それは遥か過去、黒曜石を用いて作られた鏡のように黒く輝き、四季の中のすべてを暴いてゆく。
「あっ、あぁぁぁっ!」
やめて!
見ないようにしていたのに!
気付きたくなかったのに!
見ないで!
そんな目で私を見ないで!!
四季は突然床に転がると、髪を振り乱しながら頭を掻き毟る。
唸り声を上げながら、両足は駄々っ子のようにダンダンと床を叩き、クネクネと身をよじる。
「何も見えないが、何かに取り憑かれているのか?」
「いえ、憑き物の類ではないわ」
妻の姿に太樹が問い春夏が答えると、二人は少女へと目を向ける。
「拗らせた子供が駄々をこねてるみたいなものよ」
少女は奇行を見せる四季を見下ろし、二人に視線を向けることなく答えた。
「選びなさい。
家族や親戚がどうとか、他人の目がとか、そんな下らない事に縛られたい? 自分自身を嘘偽りで塗り込めて、幸せの仮面をつけて生きて行きたい?
この地の魔女よ、本来なら貴女がどうなろうと構わないのだけれど」
チラっと床に倒れた弘樹を見やり、
「この子に免じて貴女にロゴスを与えましょう」
少女の言葉が少しだけ柔らかなものとなり、呻いて転がる四季の耳元へとその美しい唇を寄せた。

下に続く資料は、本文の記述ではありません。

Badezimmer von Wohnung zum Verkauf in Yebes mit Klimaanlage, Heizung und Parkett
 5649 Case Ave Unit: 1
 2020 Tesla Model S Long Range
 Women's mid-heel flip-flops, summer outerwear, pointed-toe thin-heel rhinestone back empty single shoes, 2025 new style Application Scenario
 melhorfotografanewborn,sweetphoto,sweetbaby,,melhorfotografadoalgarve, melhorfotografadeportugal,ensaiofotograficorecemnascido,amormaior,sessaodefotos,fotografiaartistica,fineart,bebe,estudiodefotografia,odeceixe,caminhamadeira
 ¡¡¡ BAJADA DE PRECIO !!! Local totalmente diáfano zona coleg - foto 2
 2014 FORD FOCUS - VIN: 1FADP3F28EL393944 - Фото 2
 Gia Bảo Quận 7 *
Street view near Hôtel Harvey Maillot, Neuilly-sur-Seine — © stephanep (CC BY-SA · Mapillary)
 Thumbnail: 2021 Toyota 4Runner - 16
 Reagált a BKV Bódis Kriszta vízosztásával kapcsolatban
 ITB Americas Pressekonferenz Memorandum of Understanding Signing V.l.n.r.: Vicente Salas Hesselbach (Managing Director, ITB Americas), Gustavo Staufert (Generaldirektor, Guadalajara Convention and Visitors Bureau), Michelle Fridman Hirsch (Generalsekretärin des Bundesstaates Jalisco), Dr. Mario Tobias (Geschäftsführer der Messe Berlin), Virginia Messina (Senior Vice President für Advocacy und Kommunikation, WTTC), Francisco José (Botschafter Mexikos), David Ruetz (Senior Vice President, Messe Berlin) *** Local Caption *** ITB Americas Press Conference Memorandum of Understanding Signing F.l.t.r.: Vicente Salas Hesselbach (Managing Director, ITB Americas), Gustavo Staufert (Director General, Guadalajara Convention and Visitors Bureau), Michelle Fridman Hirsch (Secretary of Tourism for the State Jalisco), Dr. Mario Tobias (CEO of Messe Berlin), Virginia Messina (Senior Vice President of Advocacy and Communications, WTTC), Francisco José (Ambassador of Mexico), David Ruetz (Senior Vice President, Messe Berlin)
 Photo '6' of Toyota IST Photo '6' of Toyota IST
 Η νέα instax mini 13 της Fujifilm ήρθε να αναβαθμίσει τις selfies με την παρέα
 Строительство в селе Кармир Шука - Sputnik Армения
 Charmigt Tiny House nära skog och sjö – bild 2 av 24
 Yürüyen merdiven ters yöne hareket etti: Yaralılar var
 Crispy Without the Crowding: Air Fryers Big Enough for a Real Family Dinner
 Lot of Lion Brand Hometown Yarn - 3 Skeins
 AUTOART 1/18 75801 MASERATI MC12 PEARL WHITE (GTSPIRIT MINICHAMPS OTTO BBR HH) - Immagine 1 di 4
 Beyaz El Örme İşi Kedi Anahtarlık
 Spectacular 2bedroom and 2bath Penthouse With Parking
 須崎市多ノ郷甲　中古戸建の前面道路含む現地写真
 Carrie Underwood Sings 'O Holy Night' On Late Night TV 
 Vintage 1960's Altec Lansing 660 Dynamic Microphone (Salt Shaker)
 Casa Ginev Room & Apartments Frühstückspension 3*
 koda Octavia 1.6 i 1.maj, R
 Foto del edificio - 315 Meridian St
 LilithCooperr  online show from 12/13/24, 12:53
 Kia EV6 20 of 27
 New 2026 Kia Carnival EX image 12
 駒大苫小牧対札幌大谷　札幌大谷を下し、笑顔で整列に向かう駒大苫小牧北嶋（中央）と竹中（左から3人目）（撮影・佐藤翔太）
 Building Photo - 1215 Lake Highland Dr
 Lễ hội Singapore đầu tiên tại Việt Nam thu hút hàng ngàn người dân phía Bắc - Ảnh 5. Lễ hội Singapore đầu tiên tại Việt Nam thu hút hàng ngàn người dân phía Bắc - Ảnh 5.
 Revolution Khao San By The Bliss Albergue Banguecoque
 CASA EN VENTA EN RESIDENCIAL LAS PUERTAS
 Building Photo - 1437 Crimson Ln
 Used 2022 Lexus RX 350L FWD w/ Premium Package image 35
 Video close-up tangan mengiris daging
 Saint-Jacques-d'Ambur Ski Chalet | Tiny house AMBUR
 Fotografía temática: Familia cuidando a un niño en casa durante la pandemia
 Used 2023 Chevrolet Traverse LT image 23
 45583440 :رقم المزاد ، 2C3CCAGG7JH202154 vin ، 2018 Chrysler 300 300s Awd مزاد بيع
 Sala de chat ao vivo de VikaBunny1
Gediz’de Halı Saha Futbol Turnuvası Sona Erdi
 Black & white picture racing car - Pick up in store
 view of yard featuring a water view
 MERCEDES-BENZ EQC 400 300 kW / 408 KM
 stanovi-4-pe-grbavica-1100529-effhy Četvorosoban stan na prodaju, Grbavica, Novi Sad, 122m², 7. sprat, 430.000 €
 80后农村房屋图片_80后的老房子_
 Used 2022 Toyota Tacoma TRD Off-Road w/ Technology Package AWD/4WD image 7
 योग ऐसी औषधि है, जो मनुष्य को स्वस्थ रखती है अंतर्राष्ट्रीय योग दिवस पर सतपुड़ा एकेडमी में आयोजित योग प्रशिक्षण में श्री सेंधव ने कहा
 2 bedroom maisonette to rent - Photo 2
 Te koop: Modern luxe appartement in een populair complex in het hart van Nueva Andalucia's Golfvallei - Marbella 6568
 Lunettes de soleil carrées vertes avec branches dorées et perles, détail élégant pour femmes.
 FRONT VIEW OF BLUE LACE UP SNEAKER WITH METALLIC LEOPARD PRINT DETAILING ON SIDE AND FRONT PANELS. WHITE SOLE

「人はその全てを見てはいない。聞いていない。必要なものを選び、それを現実として認識する」
混乱する四季の耳に心に、すんなりと少女の言葉が、そしてその意図する意味が正しくとどけられる。
そうだ。
人の目や耳には常に数多の情報が届けられている。
街を歩けば様々な光、数多の人々、風に揺れる木の葉、看板やゴミ箱、走る車に家やビル。
その耳には人の話し声、風の音、車の音、足音、大小問わず数多の音。
そのすべてを認識し、理解する事など人には出来ない。
だから人は自然と必要な物、不必要な物を普段から選別している。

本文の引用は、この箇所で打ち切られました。